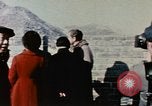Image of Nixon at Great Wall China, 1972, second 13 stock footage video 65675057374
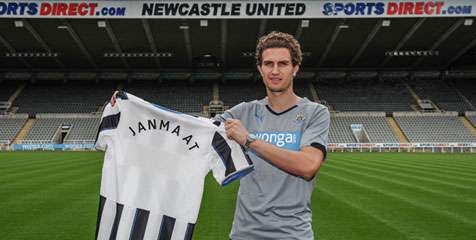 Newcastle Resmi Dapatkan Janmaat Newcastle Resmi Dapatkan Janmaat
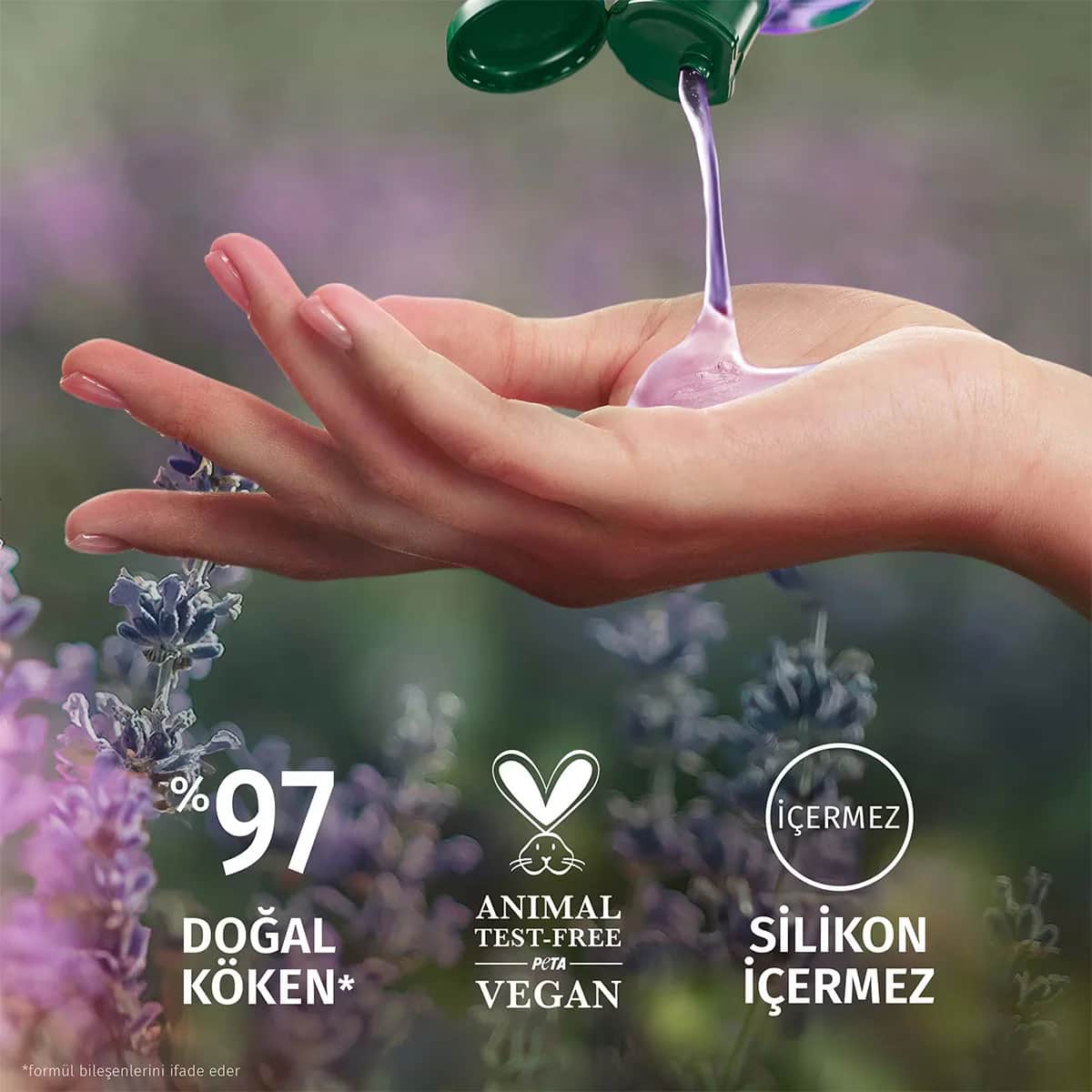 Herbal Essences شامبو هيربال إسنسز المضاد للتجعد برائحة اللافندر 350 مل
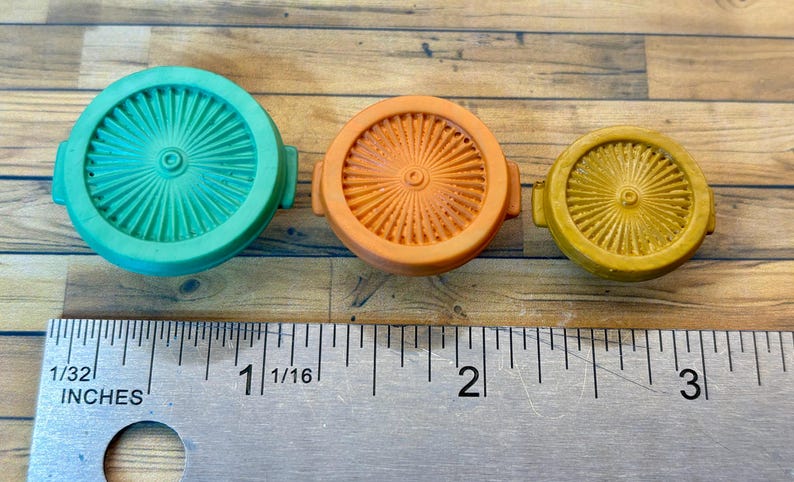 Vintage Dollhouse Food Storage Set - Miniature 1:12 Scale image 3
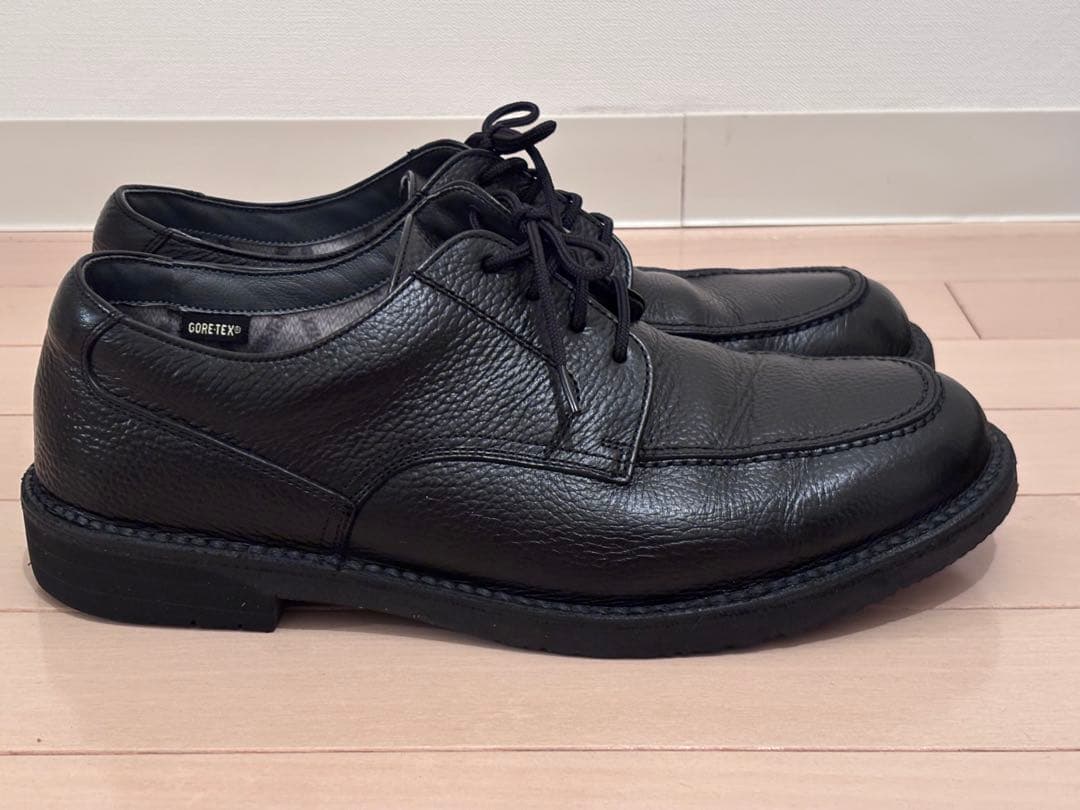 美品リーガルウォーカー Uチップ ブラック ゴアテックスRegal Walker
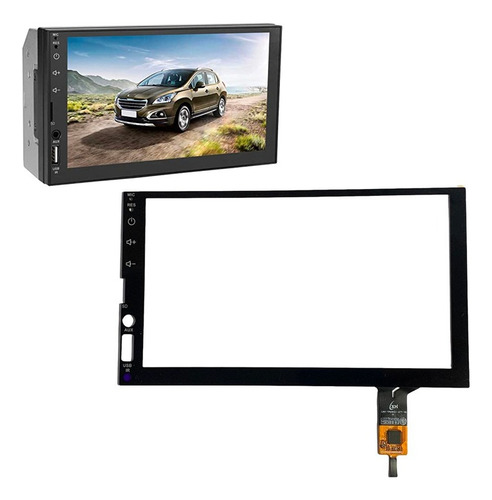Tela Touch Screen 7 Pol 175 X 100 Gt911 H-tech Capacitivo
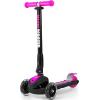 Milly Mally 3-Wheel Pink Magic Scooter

-.-.-

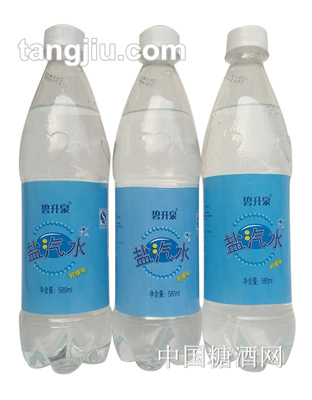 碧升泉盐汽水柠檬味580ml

-.-.-

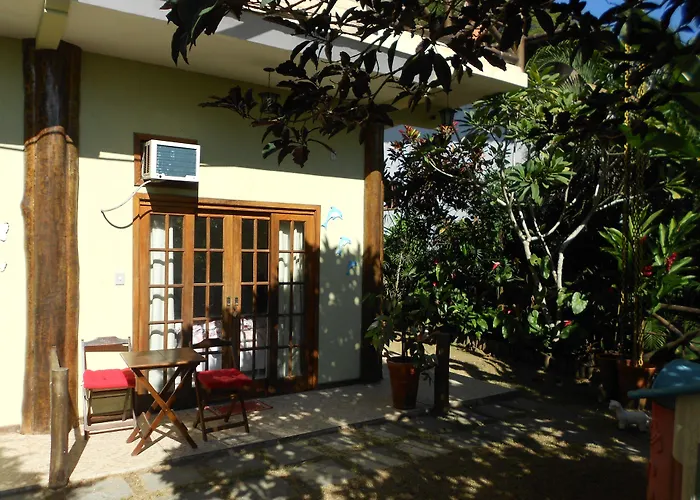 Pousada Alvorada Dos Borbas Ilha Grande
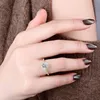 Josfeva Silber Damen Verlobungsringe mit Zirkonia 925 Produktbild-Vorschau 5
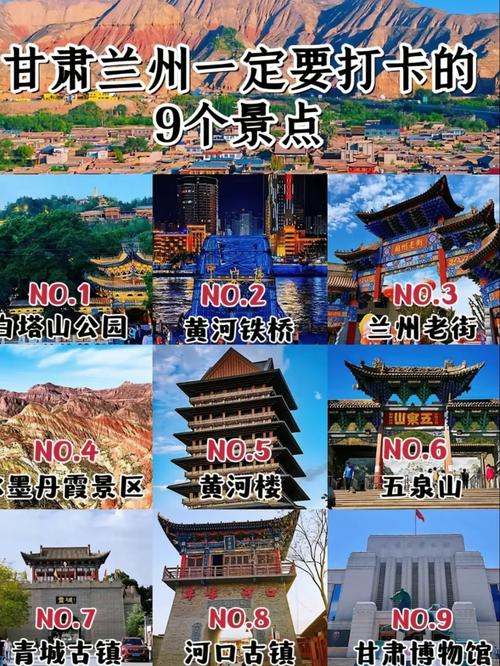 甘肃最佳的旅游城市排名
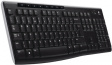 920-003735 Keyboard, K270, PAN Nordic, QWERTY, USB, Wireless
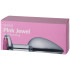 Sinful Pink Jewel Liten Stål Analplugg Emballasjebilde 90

-.-.-

◆ Work request: Output exactly the lines above, beginning at the one with "Pousada Alvorada Dos Borbas Ilha Grande" and stopping after the one with "Sinful Pink Jewel". Pictures are to be omitted.

◆ The completed task:
 Pousada Alvorada Dos Borbas Ilha Grande
 Josfeva Silber Damen Verlobungsringe mit Zirkonia 925 Produktbild-Vorschau 5
 甘肃最佳的旅游城市排名
 920-003735 Keyboard, K270, PAN Nordic, QWERTY, USB, Wireless
 Sinful Pink Jewel Liten Stål Analplugg Emballasjebilde 90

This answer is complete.